Auf der einen Seite haben wir eine sich mit Tempo und Totalität ausbreitende Informationsgesellschaft, auf der anderen Seite eine zunehmend schwächelnde Beschäftigung mit deren Strukturen und Folgen – wahrzunehmen durch einen schon nicht mehr schleichenden, vielmehr trabenden Bedeutungsverlust des Medienjournalismus. Er findet sich inzwischen in der publizistischen „Mauerblümchen“-Kategorie wieder. Dabei handelt es sich um eine Königsdisziplin der Branche.
Trolle und Desinformationsagenten
Das ist einigermaßen absurd. Schließlich prägen ja immer öfter nicht Wirklichkeiten unser Bild von der Welt, sondern die Erzählungen darüber, die medial vermittelten „Narrative“. Die Kontrolle über diese Erzählungen obliegt aber nur noch bedingt einem der Qualität und Werten verpflichtenden Journalismus, dem alten Türwächter der Öffentlichkeit. […]
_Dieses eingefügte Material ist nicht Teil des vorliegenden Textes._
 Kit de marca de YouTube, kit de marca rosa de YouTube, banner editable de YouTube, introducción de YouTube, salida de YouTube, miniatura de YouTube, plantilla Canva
Die Kernfrage lautet: Inwieweit sind Presse und öffentlich-rechtlicher Rundfunk in der Lage, ein positives Gegenbild zum publizistischen Inferno der vorzugsweise amerikanischen Internetkonzerne abzugeben, oder sind sie in Wahrheit längst deren Zulieferer und Vollstrecker geworden?
Und da wird Medienjournalismus nicht mehr gebraucht? Ab zur Schutthalde damit, fertig machen zum Verklappen? Es müsste gerade andersherum sein: Wo ist der Medienjournalismus, der mit den drängenden Fragen der Kommunikationsgesellschaft fertig wird? Schaut man auf die deutsche Realität, sieht man eine Trümmerlandschaft. Unter den Tageszeitungen haben beispielsweise nur noch „Süddeutsche Zeitung“, „Frankfurter Allgemeine Zeitung“ und „taz“ glücklicherweise ein Medienressort, das den Namen verdient. Fast ist man geneigt, an das Bild vom „letzten Mohikaner“ zu denken und fragt sich, wo der schlagkräftige Nachwuchs von Medienjournalisten bleibt. Oder nehmen wir die konfessionelle Publizistik, wo die katholische Kirche in Sachen Medienpublizistik mit dem Ende der „Medienkorrespondenz“ (vormals „Funkkorrespondenz“) 2021 ein unrühmliches Kapitel schrieb. […]
Es darf daran erinnert werden, dass vor rund 40 Jahren mit dem Aufkommen privater Rundfunkmedien in Deutschland der Medienjournalismus auch einmal als innovativ und chic gegolten hat. Auf den früheren Fernsehseiten der Tageszeitungen wurden nun auch Berichte über die oft lauten, skurrilen Machtkämpfe im Privatfernsehen und Privatradio abgedruckt.